Faut-il laisser l’institution continentale tanguer parce que dirigée par des aventuriers et des despotes de tous poils, tenant à distance les peuples pour lesquels cette union est censée exister ? Assurément non ! Et il faut travailler à renforcer les pouvoirs de la commission en rognant les prérogatives des chefs d’Etat dont la fidélité et la loyauté aux textes fondateurs de l’union sont plus qu’aléatoires.
Il faudrait en outre que l’union descende au niveau des populations, des OSC et des institutions au plus bas niveau, qu’elle soit une union des peuples pour les intérêts des peuples et non un conglomérat de satrapes le plus souvent ostracisés par les bailleurs de fonds et vomis par leurs propres peuples.
Gageons qu’avec le réveil des OSC dans bon nombre de pays africains, l’UA emboîtera le pas aux organisations sous-régionales comme la Communauté économique des Etats de l’Afrique de l’Ouest (CEDEAO), la SADC et dans une certaine mesure la Ligue arabe qui sont, l’on est bien obligé de le reconnaître, plus efficaces parce que plus proactives et pragmatiques, surtout en matière de résolution de crises.

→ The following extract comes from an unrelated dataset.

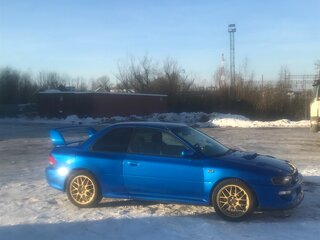 1999 Subaru Impreza I, синий, 1700000 рублей, вид 2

En attendant les conclusions de ce 25e sommet qui, comme les précédents, risque d’accoucher de vœux pieux et de discours convenus, on peut déjà se réjouir du fait que l’un des membres du club des puissants d’Afrique ait passé la nuit du dimanche au lundi suspendu à la décision du tribunal de Johannesburg. Peut-être que de ce côté-là, « plus rien ne sera comme avant ». Mais attendons de voir. Car ces conférences tam-tam de l’UA, très souvent, n’apportent rien de nouveau ni de bon pour la démocratie et le progrès sur le continent.